Setentão aprendiz
Artigo publicado no Jornal O POVO, Caderno Vida & Arte, pág.4
Quarta-feira, 30 de setembro de 2015 – Fortaleza, Ceará, Brasil

Artigo em PDF

FAC-SÍMILE

op_setentaoaprendiz

Risonho e pensativo foi como deixei a sala de cinema após ver o filme Um Senhor Estagiário (EUA, 2015), da cineasta estadunidense Nancy Meters, com as envolventes interpretações de Robert De Niro e Anne Hathaway nos papeis de Ben Whittaker e Jules Ostin; ele, um setentão que decide participar de um programa de estágio para idosos da empresa dela, jovem executiva criadora e diretora de um negócio de compras online.

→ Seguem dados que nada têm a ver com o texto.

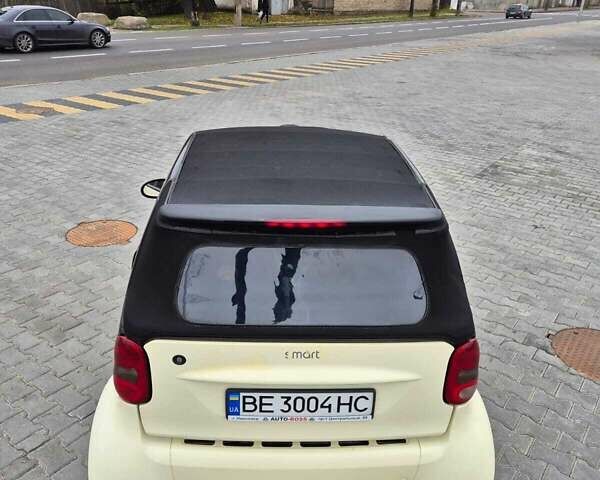 Белый Смарт Форту, объемом двигателя 0.6 л и пробегом 184 тыс. км за 3200 $, фото 18 на Automoto.ua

Em sua afluência de comédia, com conceito de trama ancorado na dignidade e no humor, o longa trabalha a um só tempo a caricatura de autossuficiência, comum a jovens empreendedores de sucesso oriundos da economia de startup, e a desconstrução de alguns pressupostos invariavelmente dirigidos a pessoas de idade avançada, como se elas não tivessem espaço no mundo digital.

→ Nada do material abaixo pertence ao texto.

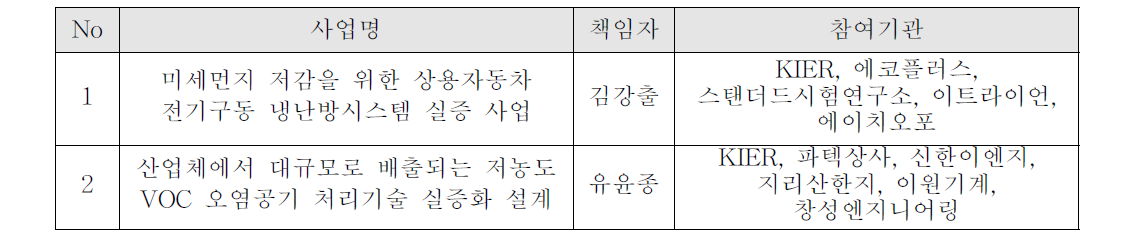 2019년 기술커뮤니티 연계 지원 사업 선정(2개 사업)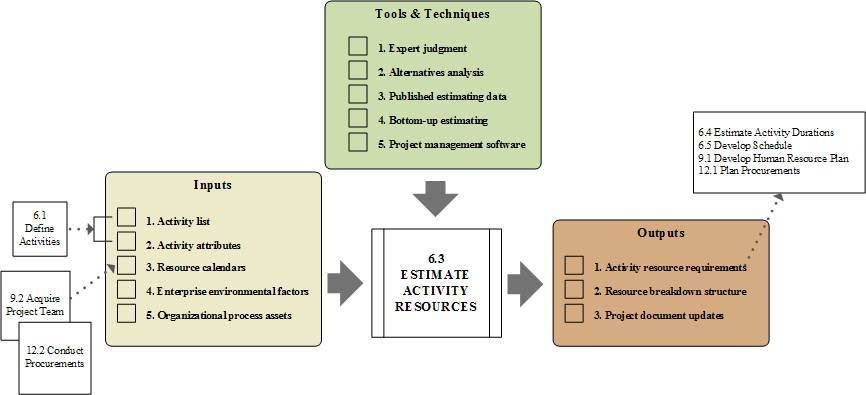 System dependent components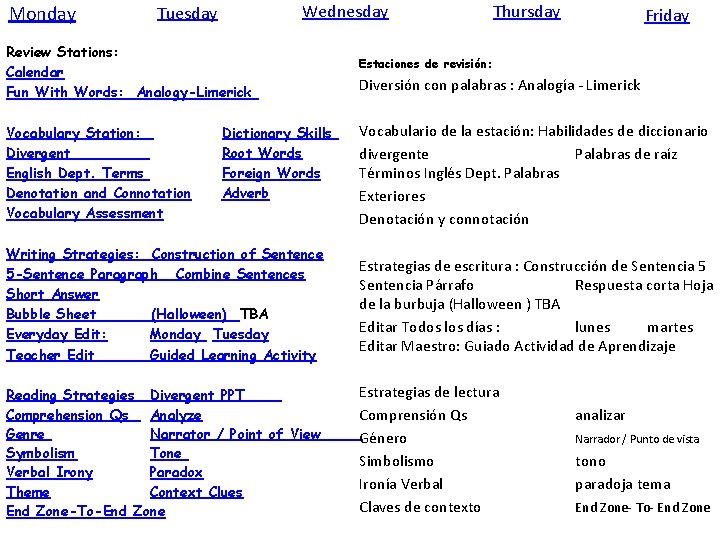 Monday Tuesday Wednesday Review Stations: Calendar Fun With Words: Analogy-Limerick Vocabulary Station: Divergent English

Por progressão satírica leve, o filme vai mostrando situações alusivas a esse fenômeno paradigmático da hipermodernidade, tanto no que diz respeito à questão da idade produtiva quanto a das relações sociais. Na tela, essa equação de cunho econômico e comportamental oscila na busca do equilíbrio entre a abundância e o descartável, o trabalho intenso e a ociosidade. E como é trivial nesse tipo de enredo, o cômico se junta ao dramático na combinação de papeis dissonantes.

Jules circula pelo escritório de bicicleta, esbanjando determinação e cabeça ligada, em sua concentradora e bem-sucedida performance de integrante de uma nova classe de fazedores, que se movimenta sempre presa à lógica de que o significado da vida está na carreira. A essas pessoas sobra pouco tempo para realidades mais elevadas e, principalmente, para exercícios de alteridade, o que as empurra para embaraçosos vazios existenciais.

O personagem Ben, setentão e viúvo, destaca-se, nesse contexto, exatamente por suas atitudes na atenção aos outros. A falta de disputa expressa na sua postura de estagiário torna a sua figura desconcertante. Ele não quer ser nada, superar ninguém, quer apenas ocupar melhor o tempo. Antes de aposentado havia sido vice-presidente de uma empresa de listas telefônicas e, embora o negócio que dominava tenha perdido a razão de ser, ele sabia que tinha muito como ser útil.

O risível nesse filme está no contraponto feito entre a autoafirmação do triunfo performático e a força contida da experiência em situação de descarte. Com humor deleitoso, Um Senhor Estagiário alcança o amplo propósito de divertir e de produzir reflexões, dando à estroinice e à intolerância a comicidade das exceções. Tudo isso sem julgamentos e sem vilões, apenas mostrando personagens como estão, e não necessariamente como são ou seriam em outras circunstâncias.

Alivia constatar que nisso tudo não há a pecha de autoajuda nem o discurso do “no meu tempo era melhor”. O filme também não faz julgamentos, apenas coloca situações em que o riso nasce da dureza dos fatos relatados, entre a concentração de afazeres nas mãos da jovem empreendedora e a disposição do setentão de estar aberto e disposto a aprender, e suas consequências. Com todas as identificações soltas no escurinho do cinema, a plateia ri da nossa própria caricatura social.